Direktur Utama PT Bukit Asam Tbk Arviyan Arifin mengatakan, perluasan ke pasar nontradisional turut mengantisipasi dampak perang dagang antara Amerika Serikat dan Tiongkok. ”Kalau pasar tradisional mereka dihajar
akan terganggu. Makanya, kami ke pasar nontradisional yang masih membutuhkan energi seperti Vietnam, Bangladesh, Filipina, dan Korea Selatan,” ujarnya kemarin (23/7).
Ekspor batu bara Bukit Asam selama semester pertama 2018 mencapai 5,8 juta ton. Naik sekitar 30 persen jika dibandingkan dengan periode yang sama tahun lalu. Selama ini tujuan ekspor utama adalah Tiongkok, India, Thailand, Hongkong, dan Kamboja.
Selain itu, produksi batu bara perusahaan dengan kode dagang PTBA tersebut mengalami kenaikan sebesar 18,9 persen bila dibandingkan dengan periode yang sama tahun lalu. ”Kemarin ada support dari angkutan batu bara. Kinerja kami sangat bergantung pada angkutan dan terkait kinerja KAI,” terangnya.
Produksi batu bara perseroan selama semester pertama 2018 mencapai 11,21 juta ton. Lebih tinggi 18 persen daripada periode yang sama 2017, yakni sebesar 9,43 juta ton. PTBA menargetkan total produksi tahun ini di angka 25,54 juta ton. Naik 5 persen bila dibandingkan dengan tahun sebelumnya yang sebesar 24,25 juta ton. BUMN tambang tersebut juga menargetkan bisa memproduksi 50 juta ton batu bara pada 2023.
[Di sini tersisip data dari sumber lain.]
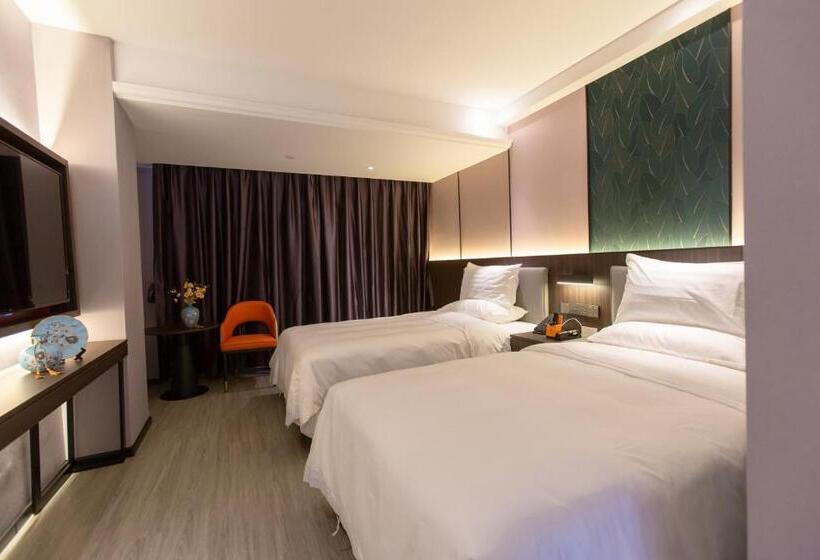 Номер Стандарт Вид на Озеро, Hantang Hotel Haikou Business College Sun Moon Plaza Duty Free Shop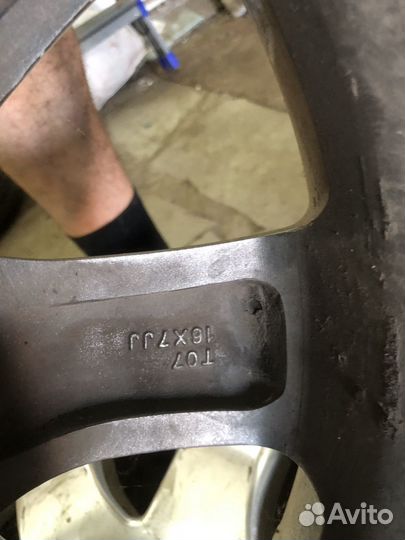 Заводские литые диски на toyota camry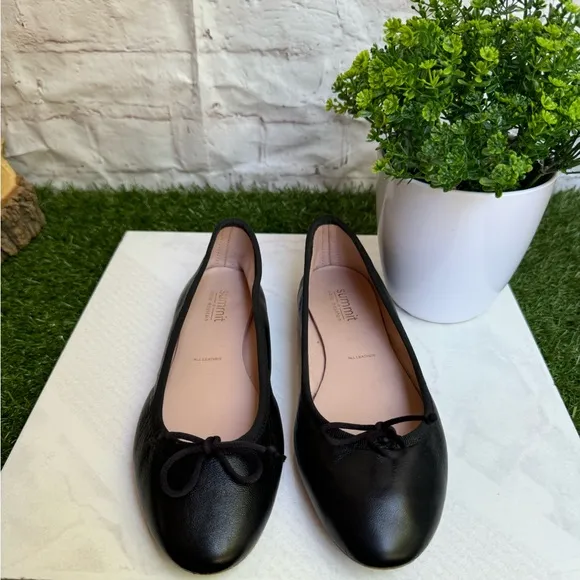 Summit by White Mountain Black Leather BALLERINA Flats size  US 7 women
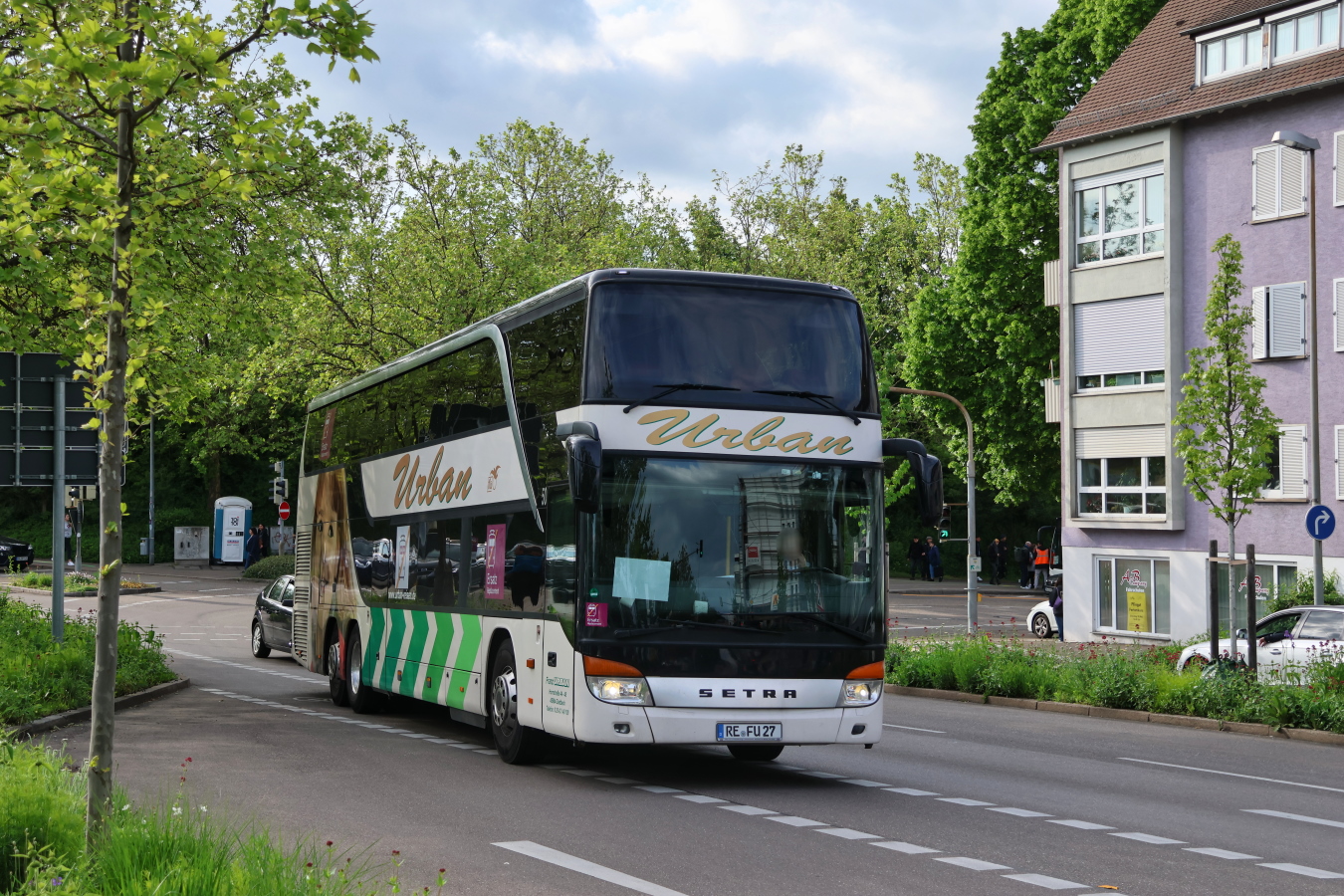 Recklinghausen, Setra S431DT nr. RE-FU 27; Stuttgart — EV Digitaler Knoten Stuttgart — 2023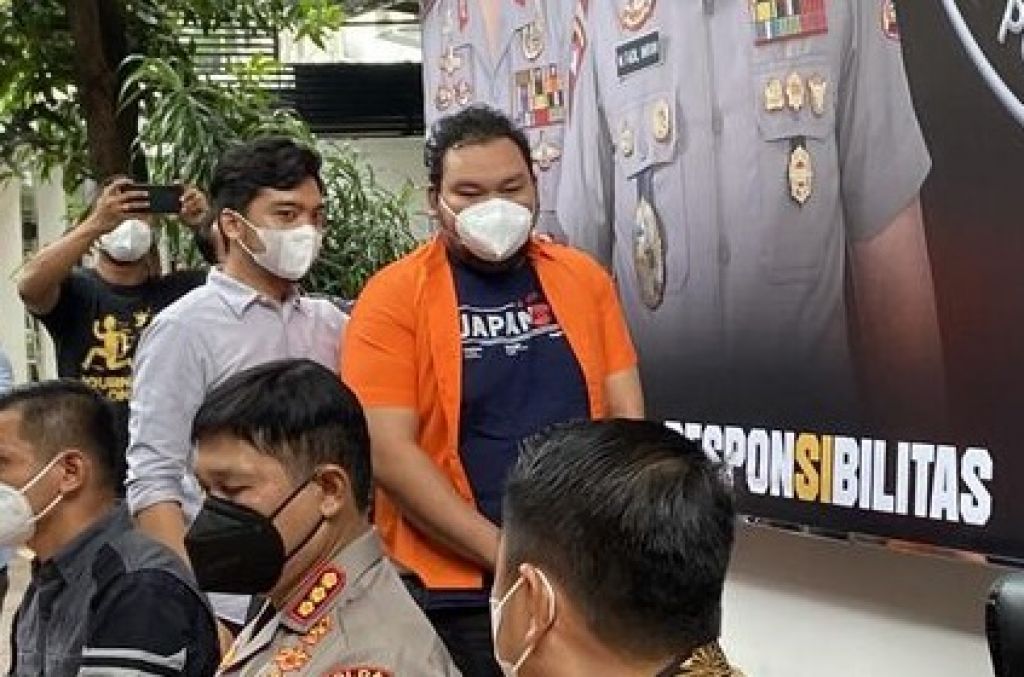 Fico dirilis depan wartawan Polda Metro Jaya, Jum'at (14/01/2022)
Sayang, kinerja ekspor batu bara Indonesia tidak secemerlang ekspor PTBA. Selama semester pertama 2018, ekspor batu bara RI merosot 16,3 persen (YoY) dari 108,107 juta ton menjadi 90,484 juta ton. ”Karena produksi terdampak cuaca, volume ekspor juga terpengaruh. Tahun lalu lebih dari 80 persen produksi kami ekspor,” ujar Direktur Eksekutif Asosiasi Pertambangan Batu Bara Indonesia (APBI) Hendra Sinadia.
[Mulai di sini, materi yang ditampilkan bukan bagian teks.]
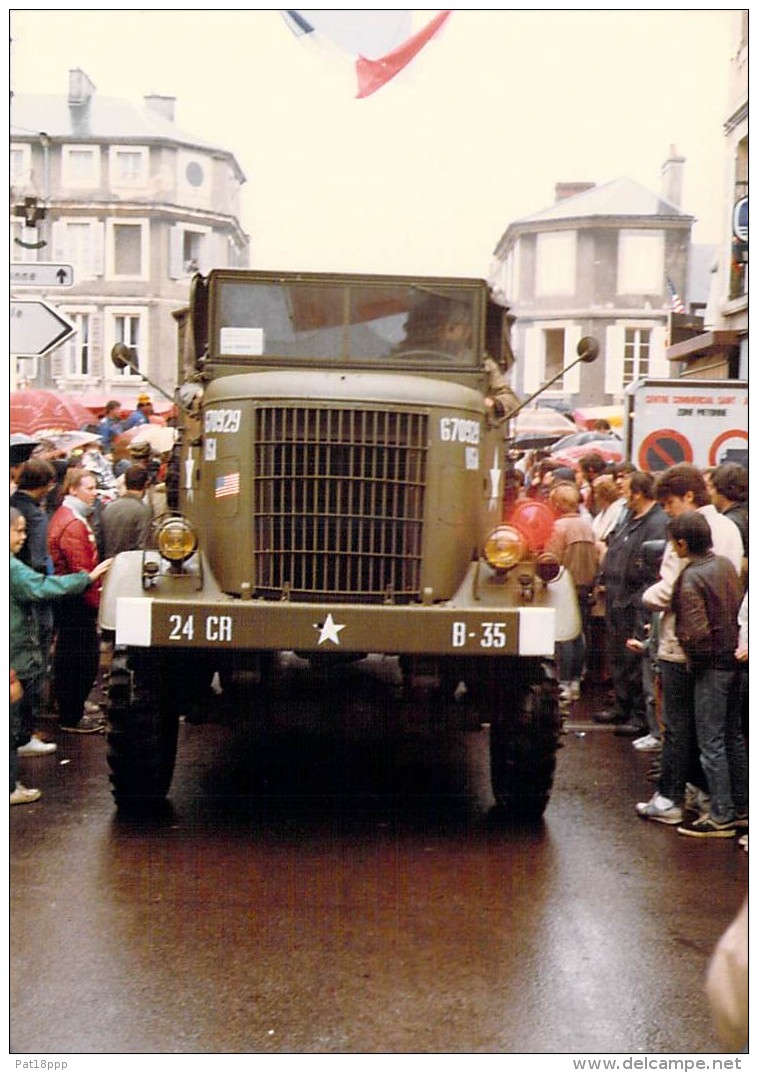 PHOTO Originale MILITARIA (1980's) CAMION US Truck - Réunion Véhicules Militaires - Meeting Military (17.7 X 12.6 Cm) - Guerre, Militaire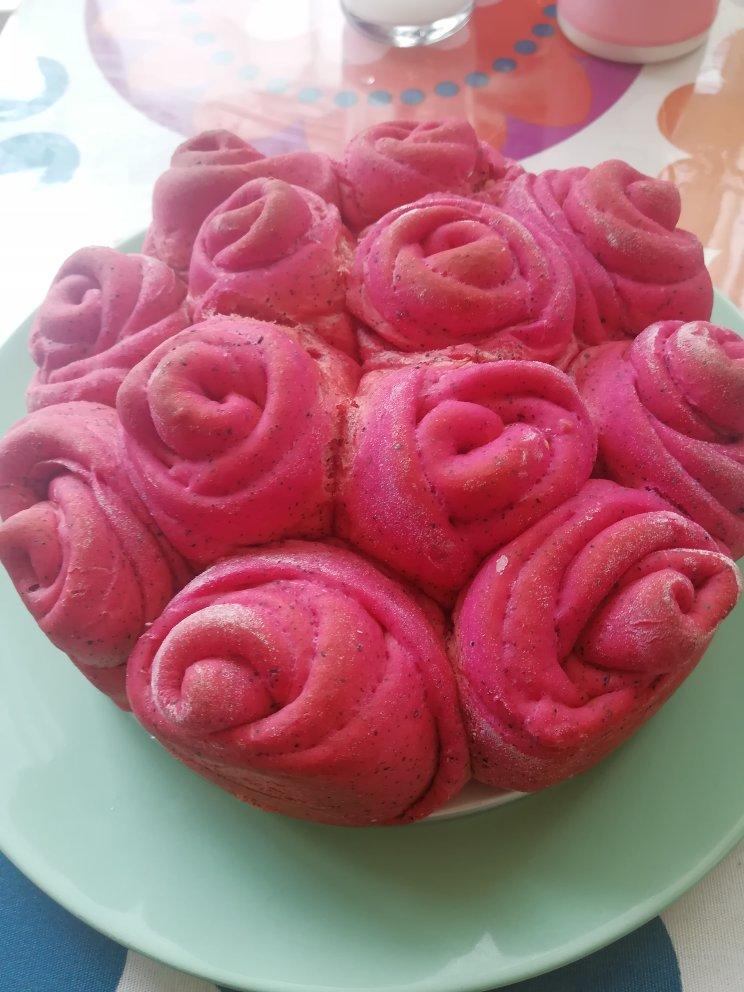 火龙果玫瑰面包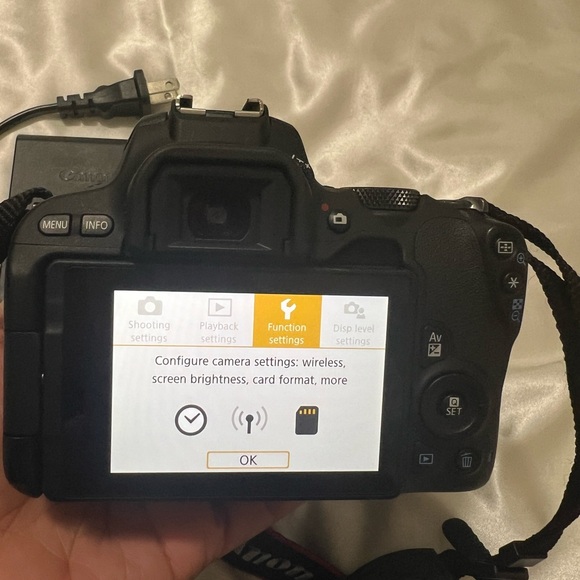 Canon camera - Picture 6 of 10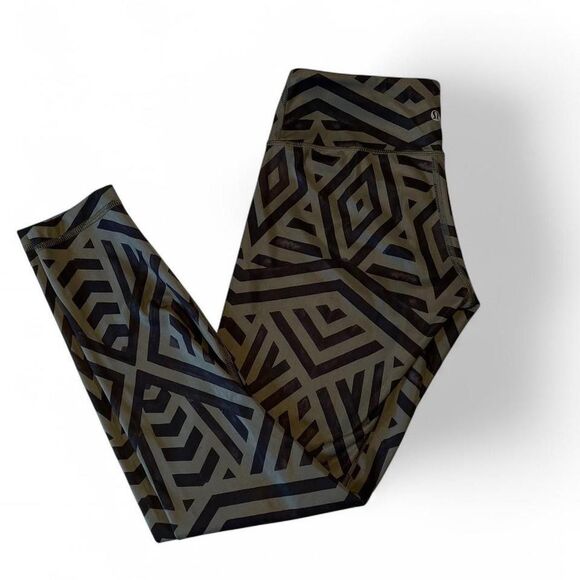 Lululemon geometric print Women’s Black khaki leggings size 6 - Picture 1 of 4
Produksi batu bara nasional pada semester pertama 2018 juga merosot sebesar 9,5 persen dari 151,562 juta ton menjadi 137,138 juta ton. ”Karena faktor cuaca, curah hujan yang relatif tinggi di beberapa daerah penghasil batu bara,” papar Hendra.
Menurut dia, saat ini permintaan batu bara masih menguat lantaran harga komoditas tersebut masih berada di level yang tinggi. Harga batu bara acuan (HBA) yang ditetapkan Kementerian ESDM pada Juli 2018 mencapai USD 104,65 per ton.